The SCI research community, including Miami Project faculty (Bixby, Bunge, Guest, Lee, Lemmon, Oudega, Park), has been at the forefront of these efforts – establishing reporting standards and data repositories and implementing best practices.
Because The Miami Project has been so successful at conducting a variety of U.S. FDA approved clinical trials, SCI researchers from around the world often reach out to us for advice about pre-clinical experiments and clinical trial design.
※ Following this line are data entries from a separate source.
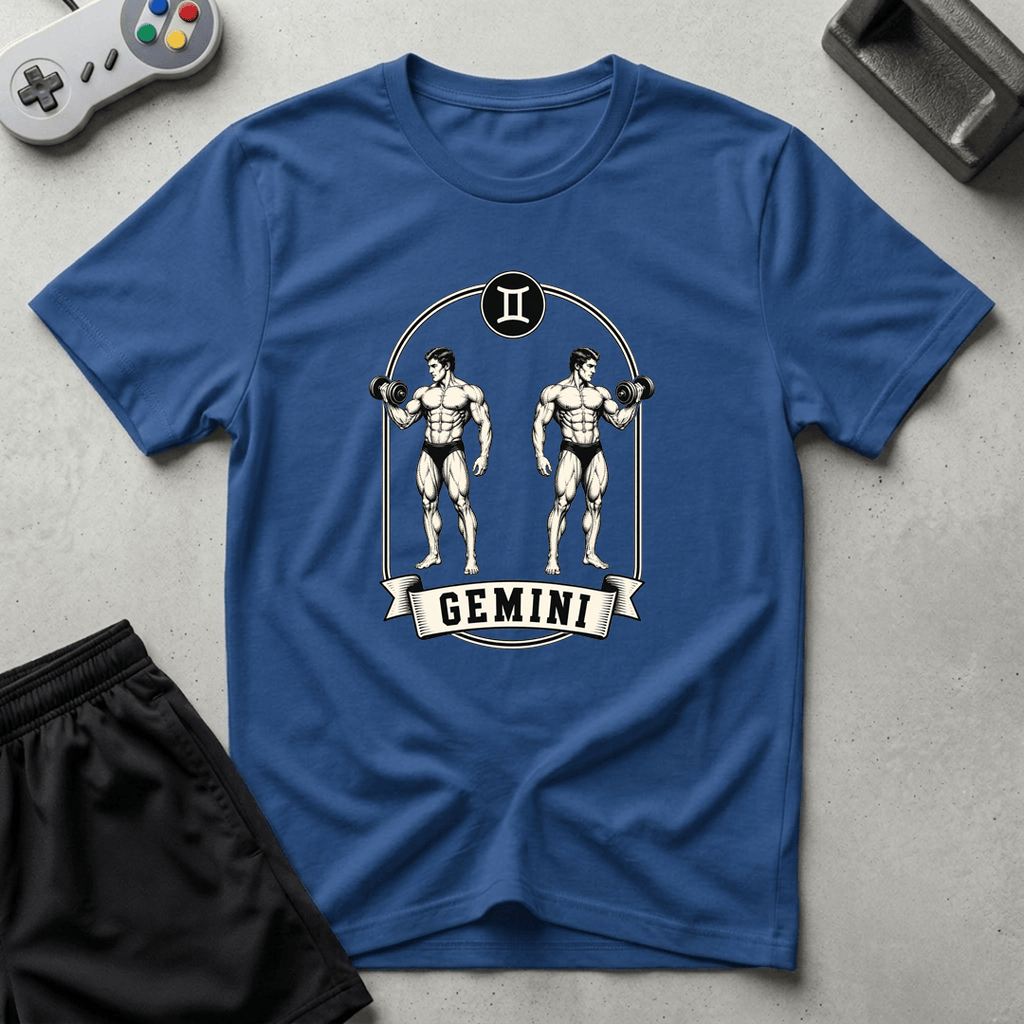 Buff Gemini T-Shirt - Royal
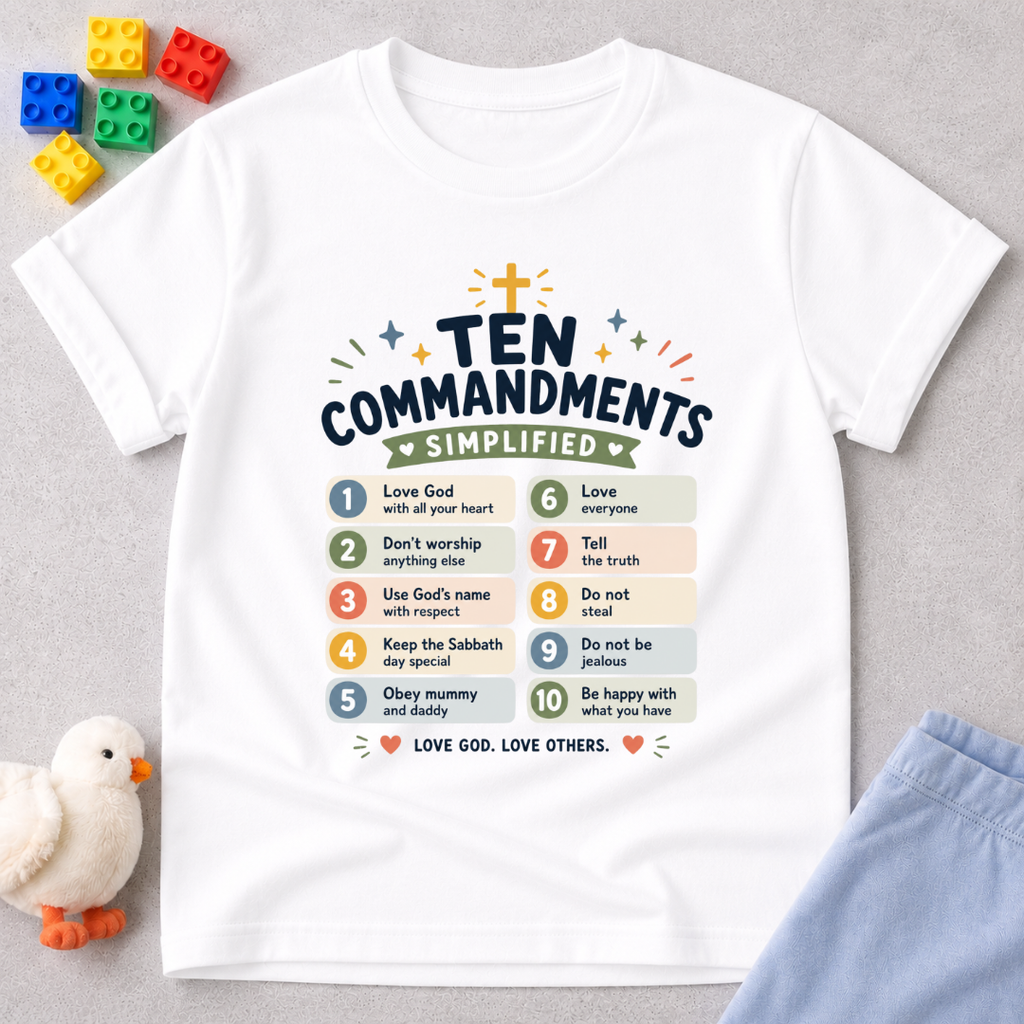 Ten Commandments Toddler T-shirt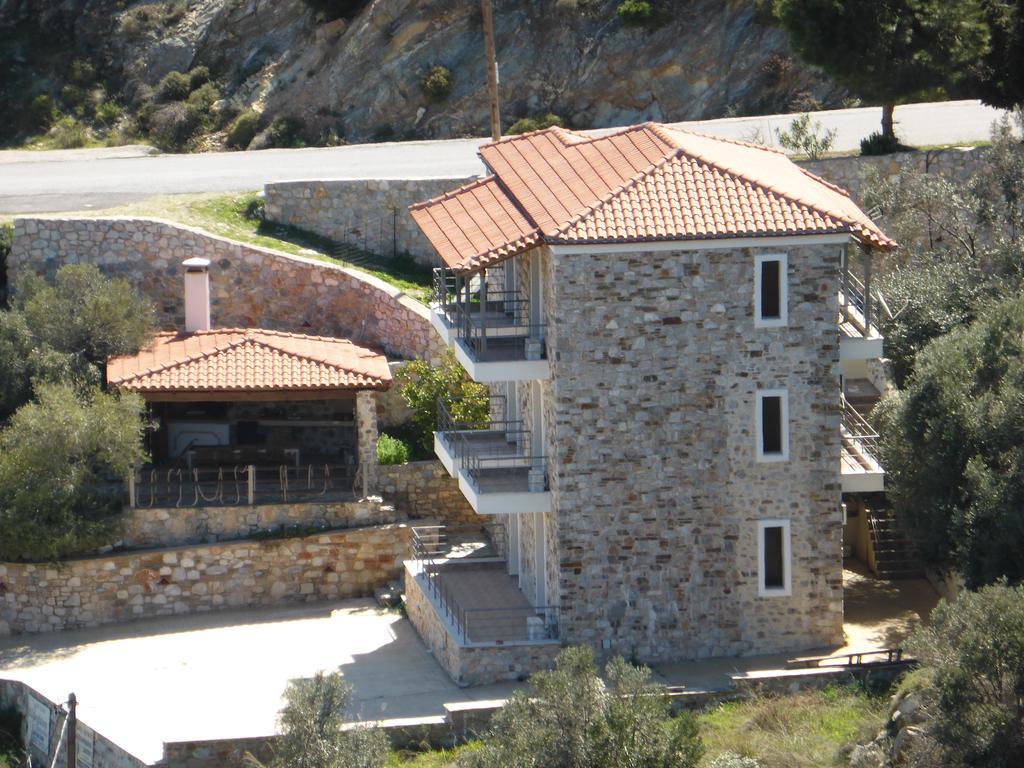 Labetia Apartments Agio Apóstoloi Exterior foto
One such inquiry led The Miami Project team to China multiple times over the past two years to collaborate and consult on a potential clinical trial.
In early February of 2017, I flew to Beijing for a kick-off meeting, along with Anil Lalwani, a biomedical engineer who had worked at the MP and been heavily involved in the Investigational New Drug (IND) and Investigational Device Exemption (IDE) submissions to the FDA for the Schwann cell clinical trial and medical device studies for pain. At this meeting we saw the rat data as well as unpublished data from studies in monkeys, showing that the biomaterial/growth factor combination had dramatic effects on walking. I and other scientists at the conference, mindful of the poor replication track record of previous “breakthroughs”, strongly recommended that an independent replication study be done prior to moving forward with clinical development of this novel combination approach. Professor Li and his colleagues agreed, in principle, to do this. We then went to Shanghai to visit Tongji Hospital, where they were considering doing the clinical trail. This giant hospital (over 4000 beds) had a large unit set up for conducting early stage clinical research and clinical trials that complied with the Chinese FDA regulations. It also had a very busy spine surgery department that received sufficient numbers of SCI patients to conduct a meaningful phase one safety trial in a relatively short amount of time, especially compared to U.S. hospitals.
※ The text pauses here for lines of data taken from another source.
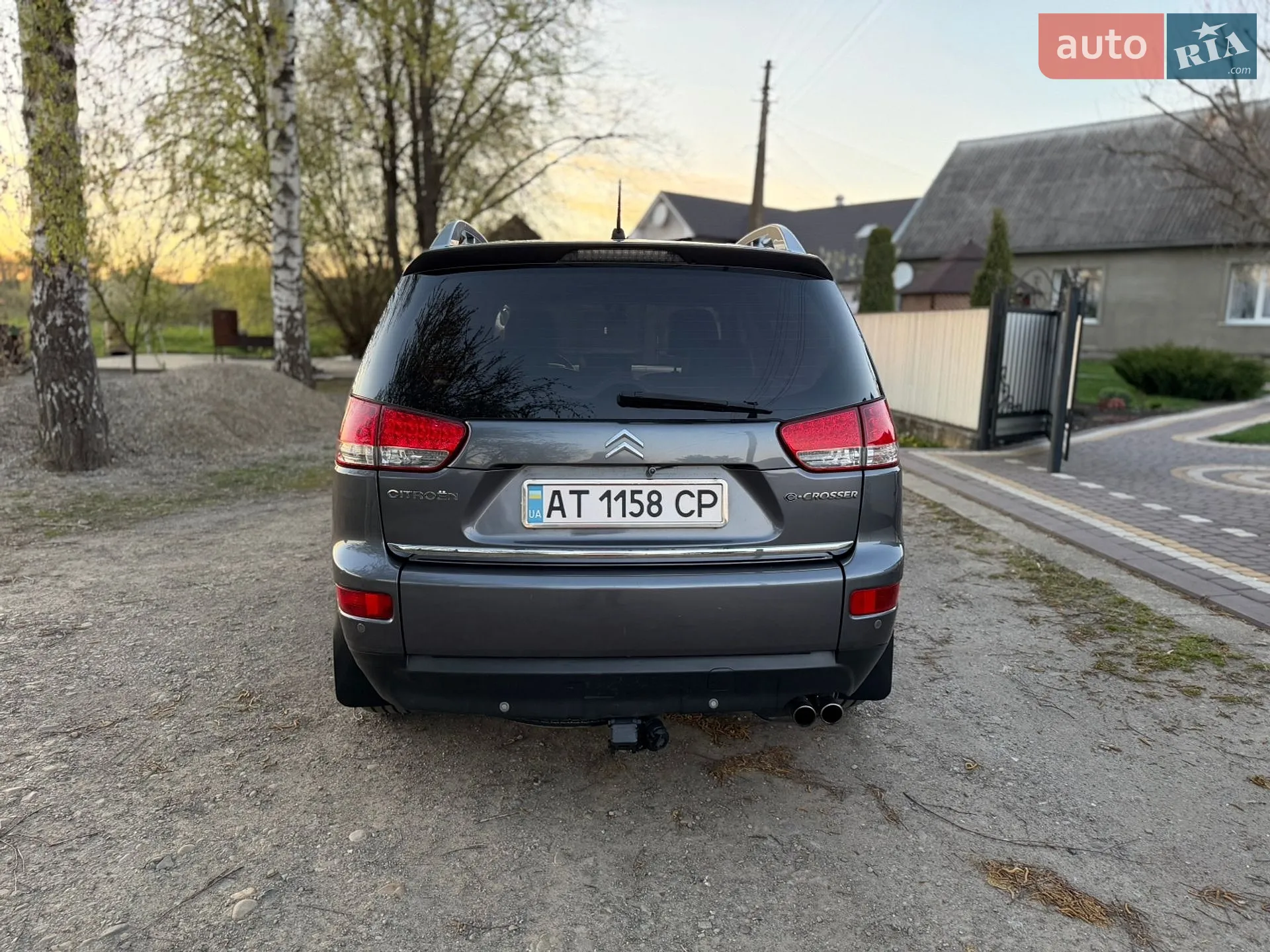 2010 Citroen C-Crosser - мініатюра 6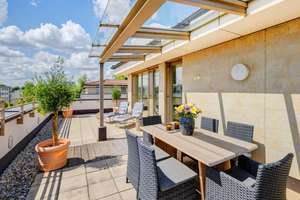 Oberföhring: Exklusive Penthouse-Wohnung mit eigenem Liftzugang - frei – Die vollständige Adresse der Immobilie erhältst du vom Anbieter., 81927 Oberföhring, München – Vorschaubild 1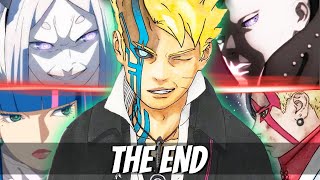 The Final Villain of Boruto Two Blue Vortex !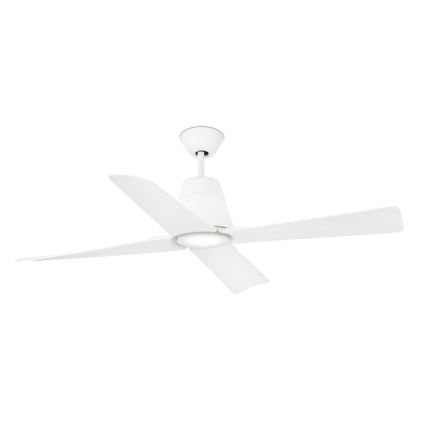 FARO 33480 - Plafondventilator TYPHOON IP44 d 130 cm wit + afstandsbediening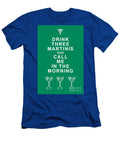 Drink Three Martinis and Call Me in the Morning Green Wingsdomain Art and Photography T-Shirt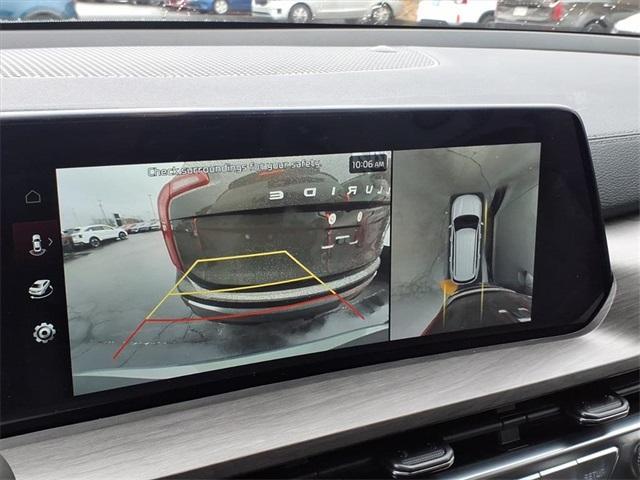 new 2025 Kia Telluride car, priced at $53,340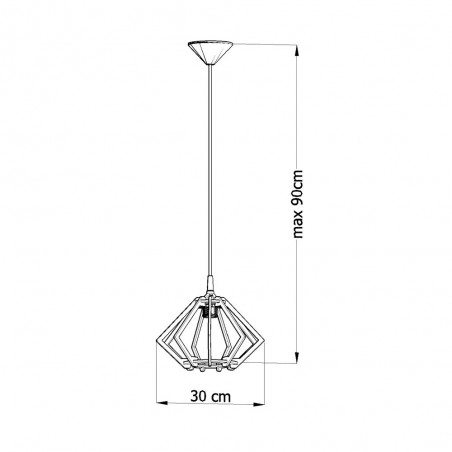 Lampe a suspension Pompelmo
After returning to the U.S., we were asked to help organize the replication study. Since we had urged him to do this, it was difficult to say no. We had some significant obstacles to overcome before we could begin the replication study since there were at least five non-trivial problems that needed to be resolved before we could begin replicating the study.
“Spinal cord injuries occur everywhere in the world. It was fascinating to work with Chinese biomaterial experts and molecular biologists to validate their preclinical work with a new biomaterial, and also share The Miami Project’s vast experience in clinical trials. We think these kinds of international collaborations are a win-win for patients and scientists alike,” said Dr. Lemmon.